Committed to PEOPLE'S RIGHT TO KNOW
Vol. 5 Num 17 Sun. June 13, 2004  
   
Front Page


al-Qaeda tape slams ME reform plan


A top leader of Osama bin Laden's al-Qaeda network, in a purported audio tape aired yesterday, criticized a proposal for reform in the Middle East as a US ploy and said change will only come through "resistance."

Al Arabiya television broadcast the brief recording which it said was from bin Laden's deputy Ayman al-Zawahri, an Egyptian militant who Washington says played a major role in the September 2001 attacks on US cities.

"America has nothing to do with reform, what it really wants is to replace the current regimes with new ones," the voice on the tape said.
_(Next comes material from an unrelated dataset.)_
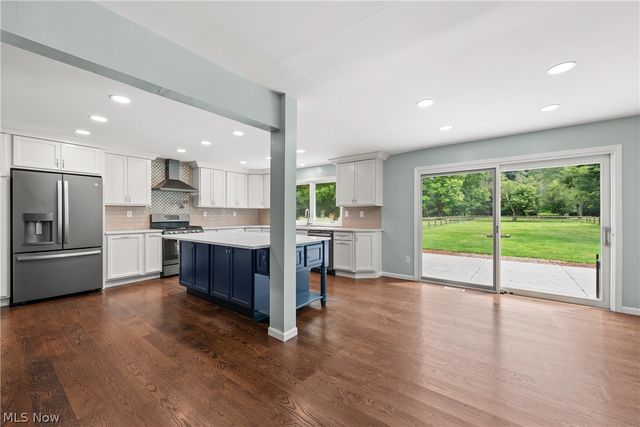 15038 Alexander Road, Walton Hills, OH 44146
"These supposed American reforms will not bring us independence or dignity ... the real reform process starts from within us, with planting the spirit of resistance in our souls, in the souls of our children and of future generations."

It was not possible to verify the authenticity of the tape, but it appeared to be recorded after Washington's Greater Middle East Initative was leaked out in February.

Bin Laden has vowed to topple most Arab leaders, which they see as traitors and lackeys of the United States.

The United States and other G8 members heavily rewrote much of the initiative during a summit last week, and rebranded it as the Partnership for Progress and a Common Future with the Region of the Broader Middle East and North Africa.

Arab governments saw the original proposals as part of an intrusive and paternalistic US plan to reorganize the region to suit US and Israeli interests.

Many Arab leaders had slammed it and shunned the G8 summit in the United States because the proposal was on the agenda.